Universities as key stakeholders

It would be difficult to exaggerate the potential impact universities can have on the uptake of TDM technologies. In FutureTDM’s policy framework and recommendations, we identified universities as influential stakeholders in all stages of the TDM value chain.2

Content creation
Universities and their researchers generate large amounts of research data and other content that are potentially valuable to TDM practitioners. As discussed in our Data Management Guidelines, making sure this content is managed and shared according to best practices offers benefits for universities both as content creators and owners, as well as potential re-users of others’ content.

Content dissemination
Universities are increasingly playing a role in the dissemination of content created by their staff and researchers. Again, by following best practices for data management and sharing, universities can maximise the visibility and value of their shared content.

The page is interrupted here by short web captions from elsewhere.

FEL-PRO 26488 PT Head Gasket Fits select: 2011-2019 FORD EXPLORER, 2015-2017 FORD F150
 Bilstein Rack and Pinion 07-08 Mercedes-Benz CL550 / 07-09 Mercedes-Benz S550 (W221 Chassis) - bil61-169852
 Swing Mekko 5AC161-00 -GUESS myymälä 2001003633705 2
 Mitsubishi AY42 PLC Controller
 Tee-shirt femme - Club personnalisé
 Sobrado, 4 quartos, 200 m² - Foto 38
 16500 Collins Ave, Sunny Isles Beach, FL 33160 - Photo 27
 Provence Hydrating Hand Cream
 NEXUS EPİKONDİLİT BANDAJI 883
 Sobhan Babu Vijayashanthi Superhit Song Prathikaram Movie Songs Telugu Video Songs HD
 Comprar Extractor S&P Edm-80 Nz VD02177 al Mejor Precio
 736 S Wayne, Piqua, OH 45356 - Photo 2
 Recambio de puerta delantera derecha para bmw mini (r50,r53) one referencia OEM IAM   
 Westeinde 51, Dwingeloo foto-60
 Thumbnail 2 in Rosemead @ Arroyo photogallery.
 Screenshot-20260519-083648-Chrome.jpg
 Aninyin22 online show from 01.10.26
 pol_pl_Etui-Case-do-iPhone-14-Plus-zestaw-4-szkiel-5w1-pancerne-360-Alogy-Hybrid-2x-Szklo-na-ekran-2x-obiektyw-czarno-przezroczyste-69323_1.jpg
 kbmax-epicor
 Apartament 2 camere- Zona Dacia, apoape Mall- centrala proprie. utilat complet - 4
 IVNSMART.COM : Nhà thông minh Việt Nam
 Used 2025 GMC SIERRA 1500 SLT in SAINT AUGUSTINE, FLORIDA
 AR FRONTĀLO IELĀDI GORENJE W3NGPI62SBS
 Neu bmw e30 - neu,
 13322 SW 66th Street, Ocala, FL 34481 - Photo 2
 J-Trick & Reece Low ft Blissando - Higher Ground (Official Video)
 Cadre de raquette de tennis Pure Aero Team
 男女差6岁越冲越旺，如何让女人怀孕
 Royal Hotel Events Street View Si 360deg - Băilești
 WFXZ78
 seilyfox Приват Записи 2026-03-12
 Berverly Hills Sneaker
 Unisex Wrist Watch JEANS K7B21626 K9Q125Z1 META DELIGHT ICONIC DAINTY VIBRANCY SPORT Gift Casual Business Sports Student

If you are dealing with any content, you should be aware that your TDM project could potentially infringe IP rights if you do not have permission from the rights holder. The following sections will help you evaluate whether you need to undertake further action.

Text and data mining
The use and development of text and data mining technologies is a rapidly growing field in universities around Europe. Whether in dedicated departments or research groups, or as part of broader programmes of data science and related technologies, many applications of TDM technology are happening within and around universities.

Value creation
Similarly, universities play a key role in the translation of TDM research into new knowledge, insights and technologies. Whether this be through disseminating the results of TDM research projects, or turning newly-developed TDM tools and algorithms into spin-out companies, universities play a key role in generating scientific and economic value through the use of TDM.

Skills and education
Although not an explicit part of the TDM value chain, all aspects of the TDM landscape rely on stakeholders and practitioners having access to the necessary skills, education and support to carry out TDM projects. Universities play a crucial role in supplying the necessary skills, education and awareness that underpin all other aspects of the TDM value chain.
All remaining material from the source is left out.